Now when he said this what he meant was that taste is a very personal choice. How you, or I or anyone else tastes the exact same thing could be completely different. In the end what matters is that you like what you are drinking. He also commented on the general rule that reds are for pork or beef and whites are for fish or chicken. He said, “I have a preference for reds and if I’m eating fish I may not want a white, so I’ll order a red.” But he also knew that certain flavors complemented each other. Certain whites go along much better with a dessert than others, and some reds enhance the spice in a particular dish while others may cover it up.

The same is very true of beer, especially craft beer. But even ordinary American Style Lagers go better with some foods more than others. I can remember for years that I loved lagers with hamburgers or hot dogs or pizza, and of course pretzels, But I have never been able to drink beer while eating pasta without feeling all bloated and unable to do anything else after. You may have experienced the same problem, if not with pasta then with another food.

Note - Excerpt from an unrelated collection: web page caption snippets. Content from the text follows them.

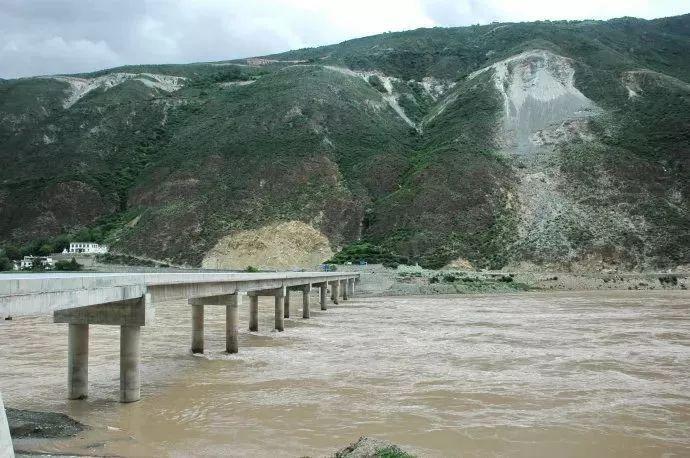 318川藏线打卡点:金沙江大桥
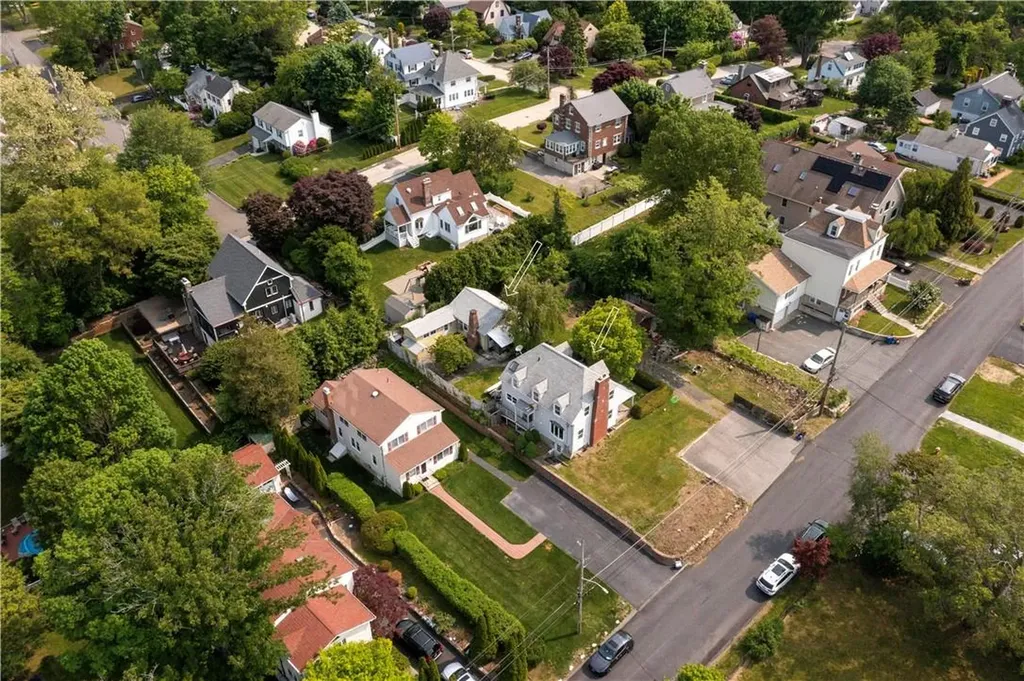 23 Clinton Street Valhalla NY 10595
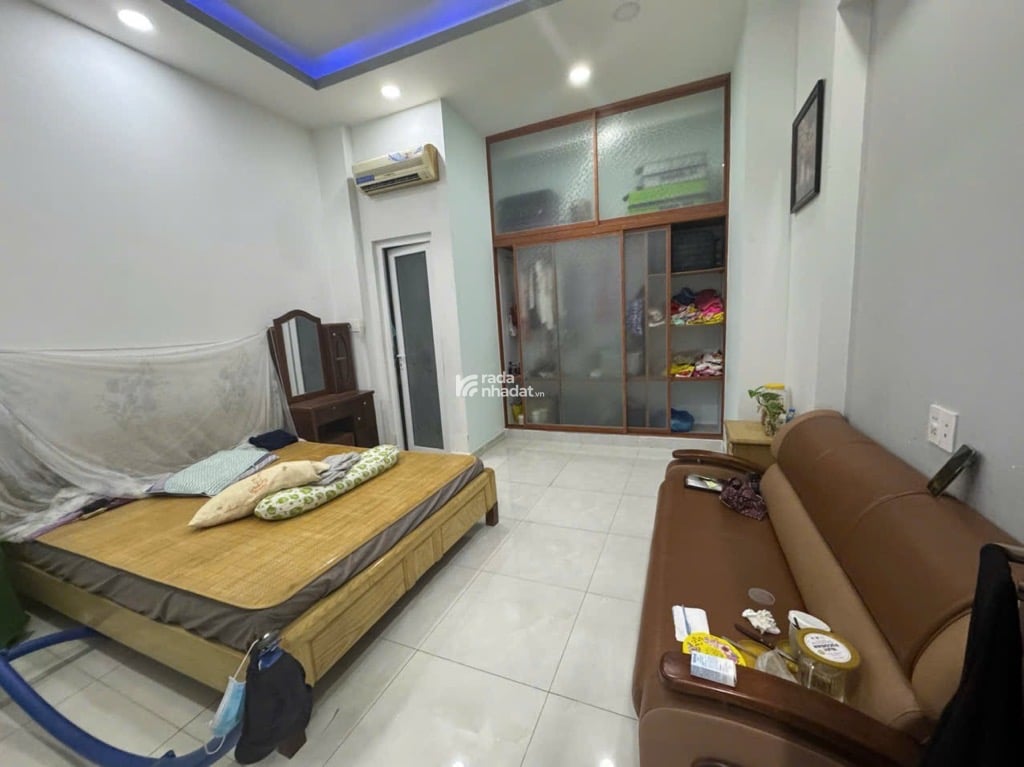 BÁN GẤP NHÀ 3 TẦNG MỚI ĐẸP - NGANG 8M CỰC HIẾM - SÁT KINH DƯƠNG VƯƠNG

Now with the rise of craft beer and the multitude of flavors and styles that came with it the opportunity to find a beer that I can eat with pasta has come, not to mention all of the other food and beer combinations that are now available.

The one thing to remember is that when we combine all of these different flavors, what we are really doing is creating new chemical compounds that will react differently with each other. When you are tasting food, what is happening is the chemicals in the food are reacting with the chemicals on your tastes buds to activate certain flavor sensors in your brain. When you drink a liquid with that food then our taste buds are reacting again to a different chemical combination. That’s why when you drink water after eating really spicy-hot foods it makes it worse because the water is simply spreading the flavor around even more in your mouth, but if you eat cheese or drink milk this dissipates the heat from the spice and lets you continue with your eating.

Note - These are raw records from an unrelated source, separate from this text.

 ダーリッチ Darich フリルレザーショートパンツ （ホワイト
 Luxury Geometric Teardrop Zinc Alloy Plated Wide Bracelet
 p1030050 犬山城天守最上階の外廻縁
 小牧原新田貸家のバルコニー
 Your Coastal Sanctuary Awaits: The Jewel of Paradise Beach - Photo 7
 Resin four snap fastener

Certain beers go better with spicy foods, and others complement sweet foods better. Some beers are too strong for chicken or fish, and others can’t stand up to beef or wild game.

Two excellent examples just happened recently. The first involves my own homemade marinara sauce. I like to use wine, preferably red, and a little honey in my sauce. This gives it a little sweetness and helps cut down on some of the acidity of the tomatoes. And the wine also imparts its own flavor into the sauce. I used a little bit of a bottle of Cannonau di Sardegna Riserva, which is a very fruity medium bodied Italian wine which I really enjoy. It was also one of the last bottles I purchased back when I was taking the above mentioned wine tasting classes from George and since he has since passed I had been holding onto it as long as possible. But it was a 2009 vintage and I wouldn’t be able to hold onto it too much longer so I decided to use it to make the sauce a few weeks ago and had the rest with dinner.

Now a couple of weeks later I had some leftover sauce that I took out of the freezer and served over a couple of veal parmesan patties. I had spent the day working in the yard and decided to treat myself to a rich dinner afterwards. I wanted to treat myself to a nice beer with dinner but wasn’t sure which to serve. I narrowed it down between two choices, Boulevard Brewing’s Sixth Glass, which is a very nice and smooth Belgian Quad, and Founder’s Brewing Dirty Bastard Scotch Ale, which is a great Scotch Ale. I decided that I want to go with one of these because they are both a little higher in alcohol and that might help bring out some of the wine flavor.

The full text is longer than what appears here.